The Agent enables, disables, and regenerates static check configurations from the templates as containers come and go. When your NGINX container moves from 10.0.0.6 to 10.0.0.17, Autodiscovery helps the Agent update its NGINX check configuration with the new IP address so it can keep collecting NGINX metrics without any action on your part.
Overview
In a traditional non-container environment, Datadog Agent configuration is—like the environment in which it runs—static. The Agent reads check configurations from disk when it starts, and as long as it’s running, it continuously runs every configured check.

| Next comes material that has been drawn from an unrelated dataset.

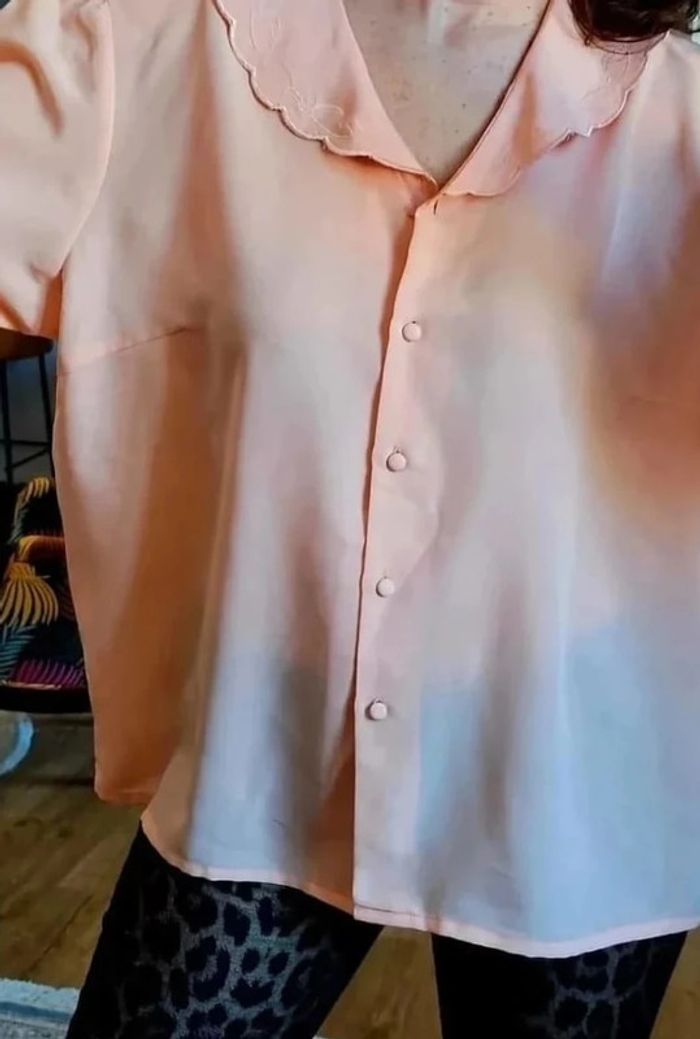 Blouse vintage rose col epaulettes - photo numéro 3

The configuration files are static, and any network-related options configured within them serve to identify specific instances of a monitored service, for example: a Redis instance at 10.0.0.61:6379. When an Agent check cannot connect to such a service, metrics are missing until you troubleshoot the issue. The Agent check retries its failed connection attempts until an administrator revives the monitored service or fixes the check’s configuration.
With Autodiscovery enabled, the Agent runs checks differently.
Different configuration
Static configuration files aren’t suitable for checks that collect data from ever-changing network endpoints, so Autodiscovery uses templates for check configuration. In each template, the Agent looks for two template variables—%%host%%
and %%port%%
—to appear in place of any normally-hardcoded network options. For example: a template for the Agent’s Go Expvar check contains the option expvar_url: http://%%host%%:%%port%%
. For containers that have more than one IP address or exposed port, you can direct Autodiscovery to pick the right ones by using template variable indexes.
Because templates don’t identify specific instances of a monitored service—which %%host%%
? which %%port%%
?—Autodiscovery needs one or more container identifiers for each template so it can determine which IP(s) and port(s) to substitute into the templates. For Docker, container identifiers are image names or container labels.
Finally, Autodiscovery can load check templates from places other than disk. Other possible template sources include key-value stores like Consul, and, when running on Kubernetes, Pod annotations.
Different execution
When the Agent starts with Autodiscovery enabled, it loads check templates from all available template sources—not just one or another—along with the templates’ container identifiers. Unlike in a traditional Agent setup, the Agent doesn’t run all checks all the time; it decides which checks to enable by inspecting all containers running on the same host as the Agent.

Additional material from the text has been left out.